Today, we’re using up those delicious peaches that we got from Engelbrecht’s orchard. We are experimenting with varying levels of sweetness, and exploring which fresh herbs from the garden best accentuate these dishes.

First, let’s talk about grilling peaches. I had a little trouble halving my peaches the normal way (cutting them right down the middle and then removing the pit). So, I simply cut big pieces of peach from around the pit. You can cut your peaches whichever way you would like.

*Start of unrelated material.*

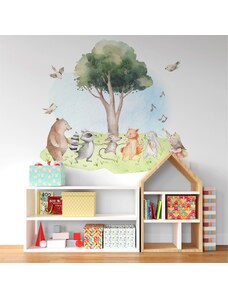 Gario Detská nálepka na stenu Forest team - hrajúce sa zvieratká pri strome Rozmery: 103 x 95 cm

Turn your grill on medium. Let it heat up for a few minutes, and then grill the peaches cut-side-down for about 50 seconds. Press down gently for a few seconds to get those great grill marks. Flip them over, and cook the other side for a few more seconds. It’s easy as that! Plain grilled peaches are excellent with meat, in cocktails, and by themselves.

Now, for the recipes…

Our first variation on grilled peaches includes goat cheese and balsamic vinegar. With this recipe, you will sprinkle the peaches with salt and pepper, and drizzle with a little olive oil before grilling. Set the goat cheese out to come to room temperature before serving.

Once the peaches are grilled, pour over a little balsamic vinegar. We chose to garnish with fresh rosemary, which adds a LOT to the overall flavor.

Next, we have grilled peaches with goat cheese and honey. This is the simplest of the three—just serve the plain grilled peaches with a little of the room temperature goat cheese and drizzle with honey! Fresh basil takes it to the next level.

Lastly, the sweetest of the three—grilled peaches with cinnamon butter and creme anglaise. Make your creme anglaise by simply setting out some vanilla bean ice cream and allowing it to melt. The dish is best served when the melted ice cream is still a bit on the cold side.

Toast a tablespoon of pine nuts in a dry skillet until golden brown and fragrant.

Melt a couple of tablespoons of butter, then mix in a little cinnamon. Turn the peaches around in this a few times before grilling. If there is any left over, baste the peaches with it as they cook.

Set the peaches atop a little pool of the creme anglaise. Top with pine nuts and fresh mint for the perfect meal ender.